Tsunami Trojans on Apple Macs joins an attack wave that shows every device owner needs malware protection, argues Wayne Rash
We’ve been hearing the stories for years about how Apple’s Macintosh is immune to malware. For years I’ve heard the smug claims from Mac owners about how it’s too bad Windows users have to load their computers with antivirus software to be safe, but Mac owners didn’t. For years I’ve known it was only a matter of time.
So let’s say it right now: there’s no such thing as a malware-proof platform, especially if that platform is somehow connected to the outside world. But even networks isolated from the Internet are no longer immune as the victims of the Stuxnet worm could attest. The fact is the Macintosh platform is highly vulnerable, especially since relatively few Macintosh users buy and use security software.
Tsunami waves in anti-malware flood
When the security company Sophos revealed on 25 October that a new backdoor infection named Tsunami had been detected in the wild I wasn’t even surprised. I mostly wondered what took so long.
The reality, of course, is that malware writers look at market share when they’re creating their payloads and Windows gives them the biggest bang for the buck. But the Mac is growing in market share, so it’s now worth some attention. This is made more tempting to malware writers by the fact that relatively few Macintosh computers are protected against malware, so it’s a very soft target.
So, Mac users, your time has come. You’re going to have to plunk down the money and deal with the lost CPU cycles like everyone else, unless you want some botmaster in Lithuania to own your machine.
Of course, it’s not just Macs. For too long device owners have taken few if any precautions against malware except on Windows computers. Owners of other devices, whether they’re running Linux, BSD or some other Unix-like OS have assumed that they have no exposure to malware.
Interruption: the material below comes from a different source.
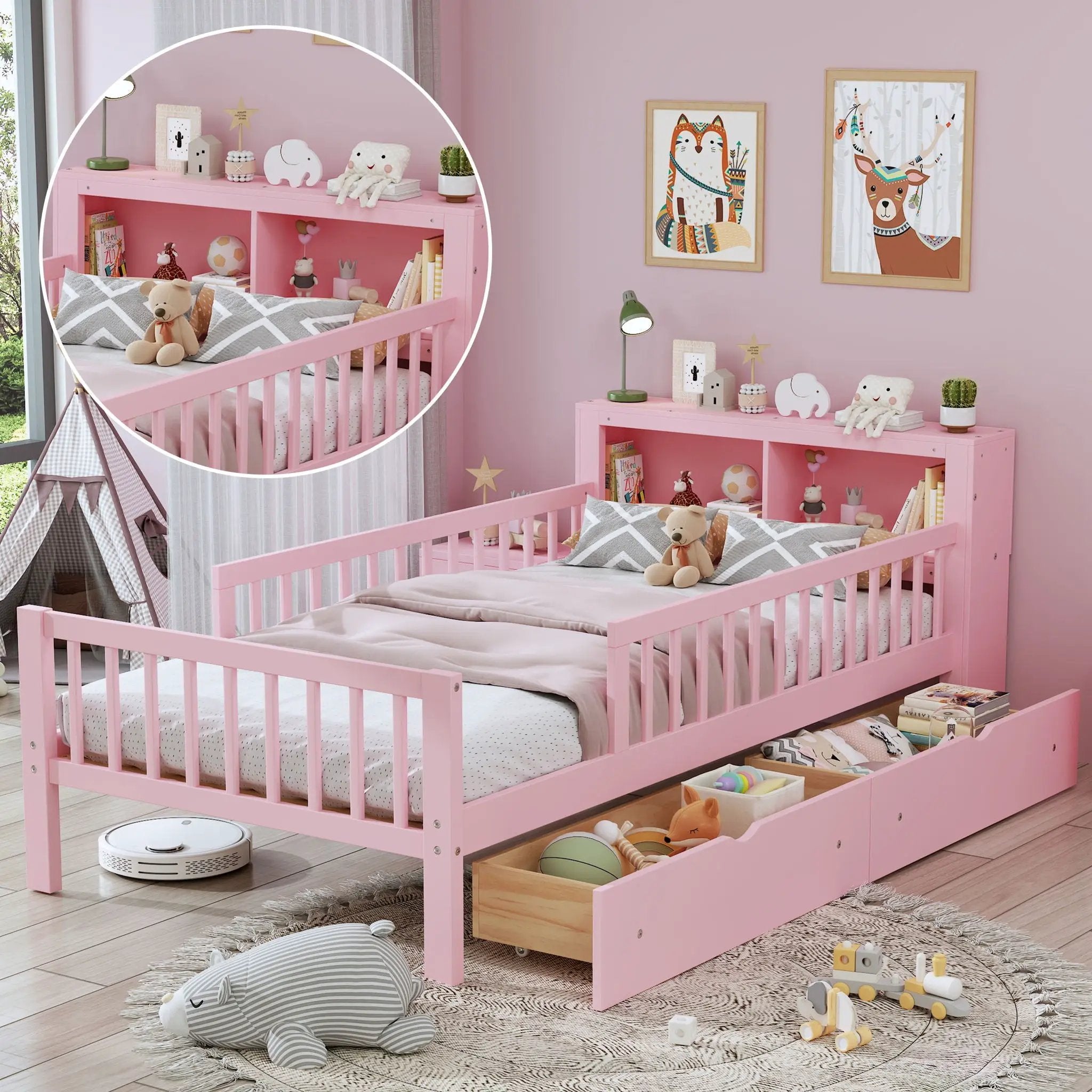 Bed With Headboard Storage Rack, 2 Under Bed Drawers, 3 Side Guardrails For Safety by Unique Piece Furniture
And the mobile market is even worse. Ask yourself what kind of protection you have for your BlackBerry, or your Android device, or your iPad, or iPhone. Chances are, the answer is none. While there has been some movement in the Android world after apps in the Android Marketplace were found to contain malware, relatively few Android devices are delivered with anti-malware apps. Worse, the companies selling such apps aren’t reporting huge sales – and that’s too bad.
More than one way
The Apple Appstore and BlackBerry AppWorld are tightly controlled, so owners tend to assume that they don’t have to worry about malware infected apps showing up on their devices and in that sense, they’re correct.
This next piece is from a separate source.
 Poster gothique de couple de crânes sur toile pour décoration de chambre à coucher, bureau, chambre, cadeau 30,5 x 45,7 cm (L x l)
But malware doesn’t need to be delivered in an app to infect your device. As is the case in Windows machines, malware can be delivered in email attachments, images from the Web, and anywhere else binary content is opened on a device. If your BlackBerry malware arrives in an infected attachment, it’s still malware, and your device is still infected.
The Mac isn’t the only soft target out there. In fact, given the success of the iOS platform the relatively small amount of attention it attracts is a little surprising. Even more surprising is the fact that, until recently, Apple resisted allowing AV vendors to sell anti-malware apps through the Appstore. That’s changed, but the view of owners that they’re somehow immune hasn’t.
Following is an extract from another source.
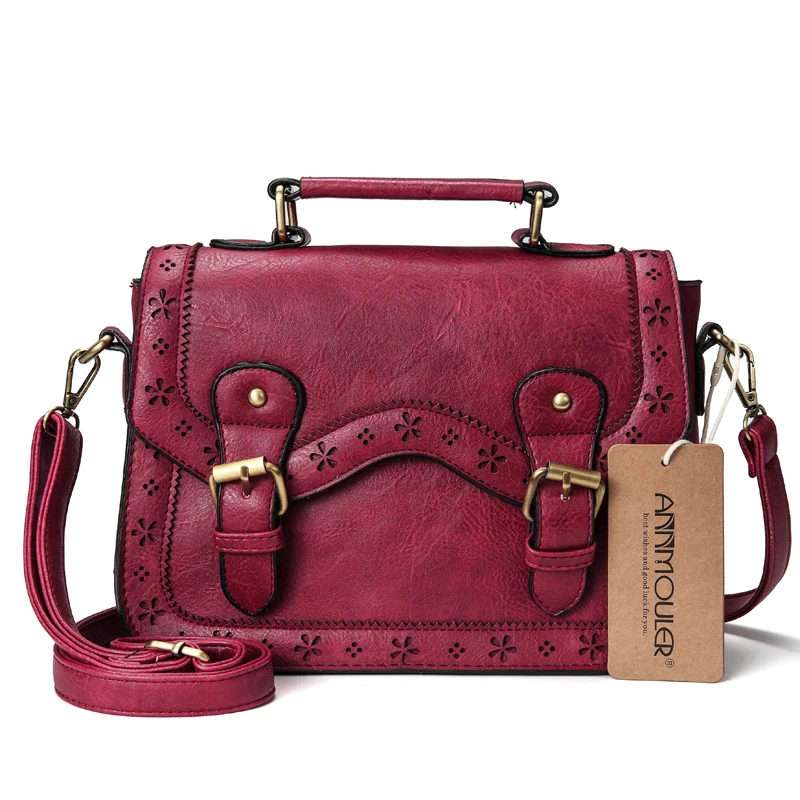 Annmouler marka kobiety torba na ramię Vintage torebka na ramię brązowa wydrążona torba Crossbody torba mała teczka dla pań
So the time has come for a reality check. If you have an unprotected platform of any kind, you’re subject to attack. As Windows machines get better and better protection, and as Windows users finally get a clue about avoiding malware, the bad guys will focus on easier targets. That means you.
Windows hell for everyone
You will need to start taking the precautions people with Windows computers have been taking for years. Those precautions include being careful which Websites you visit, being careful about opening email attachments, and being careful about viewing images where you don’t know the source.
At this point, you have time. Relatively few malware creators have focused on the mobile environment just yet, and relatively few are targeting Linux and Macintosh platforms, but they will. These platforms are currently really easy pickings and that’s what the bad guys love. As the relative market share (compared with Windows computers) increases the amount of malware targeting those platforms will also increase.
This means, among other things, that it’s time that you start investigating security software for all of your platforms, not just the ones running Windows. This is actually pretty easy to do just by searching for “Security” in whatever app market you use. In the enterprise it’s even easier since many enterprise security packages already cover mobile devices, either as part of the basic package or as an option.
But, Mac users, the bottom line is that your free ride is over. The bad guys of malware have you in their sights, and you can find out just how frustrating it is to have your machine taken away from you and made part of a botnet. Fortunately, it’s only one really bad Trojan so far. But there will be more.